During this past school year, the American public was riveted by the images: small town and suburban schools taped off by police-lines, paramedics rushing to wheel tiny bodies away on gurneys and kids being carted off in hand-cuffs. As the national media poured into Pearl, Mississippi; West Paducah, Kentucky; Jonesboro, Arkansas; Edinboro, Pennsylvania; and Springfield, Oregon; — the magnified coverage of these highly unusual crime stories turned into what some news outlets described as — an all-too-familiar story — or — another in a recent trend. Even a non-fatal shooting in Richmond, Virginia garnered national headlines in June because it occurred in a high school hallway during final exams.
In the following months, policy makers reacted to what they perceived to be a huge swing in public opinion, and a moral panic swept the country as parents and children suddenly feared for their safety at school.

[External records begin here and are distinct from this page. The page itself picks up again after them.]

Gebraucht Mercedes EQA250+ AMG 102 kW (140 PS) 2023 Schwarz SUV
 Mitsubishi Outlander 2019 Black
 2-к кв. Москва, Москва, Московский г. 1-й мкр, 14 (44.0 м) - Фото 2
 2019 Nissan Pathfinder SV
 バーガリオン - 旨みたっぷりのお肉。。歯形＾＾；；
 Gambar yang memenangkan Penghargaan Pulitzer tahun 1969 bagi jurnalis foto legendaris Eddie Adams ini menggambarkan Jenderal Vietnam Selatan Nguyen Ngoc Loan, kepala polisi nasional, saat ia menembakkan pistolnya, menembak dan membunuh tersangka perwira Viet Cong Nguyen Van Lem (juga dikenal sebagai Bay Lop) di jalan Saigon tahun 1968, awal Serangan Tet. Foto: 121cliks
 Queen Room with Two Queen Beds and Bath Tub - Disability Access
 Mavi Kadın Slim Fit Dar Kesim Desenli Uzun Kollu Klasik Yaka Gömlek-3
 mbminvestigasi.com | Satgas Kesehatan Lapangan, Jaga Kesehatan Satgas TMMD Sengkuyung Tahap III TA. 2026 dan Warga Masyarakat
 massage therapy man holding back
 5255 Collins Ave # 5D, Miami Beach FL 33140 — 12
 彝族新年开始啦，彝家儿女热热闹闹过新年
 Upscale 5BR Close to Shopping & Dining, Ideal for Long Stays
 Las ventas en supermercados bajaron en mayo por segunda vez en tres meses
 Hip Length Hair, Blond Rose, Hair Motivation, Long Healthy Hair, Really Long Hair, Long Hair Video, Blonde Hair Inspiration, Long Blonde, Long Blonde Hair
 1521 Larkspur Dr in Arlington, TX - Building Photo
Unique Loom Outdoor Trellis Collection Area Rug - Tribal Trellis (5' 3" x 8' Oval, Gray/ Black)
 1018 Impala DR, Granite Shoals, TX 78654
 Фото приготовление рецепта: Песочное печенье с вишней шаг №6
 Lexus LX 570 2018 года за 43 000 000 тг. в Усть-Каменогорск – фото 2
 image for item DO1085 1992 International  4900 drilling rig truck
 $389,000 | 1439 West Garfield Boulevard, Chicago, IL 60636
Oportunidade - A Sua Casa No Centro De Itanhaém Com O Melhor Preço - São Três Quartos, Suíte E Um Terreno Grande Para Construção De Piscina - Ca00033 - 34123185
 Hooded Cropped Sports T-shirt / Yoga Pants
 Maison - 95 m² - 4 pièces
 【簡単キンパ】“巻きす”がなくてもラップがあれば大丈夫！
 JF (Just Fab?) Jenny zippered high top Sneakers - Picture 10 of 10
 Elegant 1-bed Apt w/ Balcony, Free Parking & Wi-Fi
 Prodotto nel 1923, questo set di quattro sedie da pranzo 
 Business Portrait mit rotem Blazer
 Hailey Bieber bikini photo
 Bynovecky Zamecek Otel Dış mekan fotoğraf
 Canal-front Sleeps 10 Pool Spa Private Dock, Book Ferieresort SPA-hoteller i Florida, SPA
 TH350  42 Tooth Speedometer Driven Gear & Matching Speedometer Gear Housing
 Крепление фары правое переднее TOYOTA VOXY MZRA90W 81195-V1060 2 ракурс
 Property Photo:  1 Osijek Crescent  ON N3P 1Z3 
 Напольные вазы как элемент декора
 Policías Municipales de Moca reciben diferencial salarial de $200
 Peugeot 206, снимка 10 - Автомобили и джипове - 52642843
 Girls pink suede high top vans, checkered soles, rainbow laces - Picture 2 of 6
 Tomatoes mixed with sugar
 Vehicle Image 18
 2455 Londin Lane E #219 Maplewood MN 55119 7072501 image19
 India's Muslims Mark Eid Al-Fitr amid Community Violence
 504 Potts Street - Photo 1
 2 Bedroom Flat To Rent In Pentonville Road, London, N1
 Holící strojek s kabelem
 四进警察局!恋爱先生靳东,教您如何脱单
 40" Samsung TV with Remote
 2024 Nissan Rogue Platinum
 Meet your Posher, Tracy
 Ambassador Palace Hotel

But a new report to be released today says that despite the increased media hype around the issue, school shooting deaths have decreased over the past several years.
The new report comes just two weeks before hearings begin for two Jonesboro, Arkansas boys charged with murder. The Justice Policy Institute, a criminal justice think-tank that issued the study, is concerned that the false perception of increased school killings will lead to counterproductive policies. One Republican politician in Texas responded to the shootings by calling for the death penalty to be applied to children as young as 10 years old. And other politicians are clamoring for measures that are less extreme but almost as dangerous to the well-being of minors: the Governor of Virginia proposed ending after-school programs; Senator Orrin Hatch is advocating a bill that would increase the number of children incarcerated with adults; and President Clinton is calling for increased police surveillance in schools and daytime curfews for kids.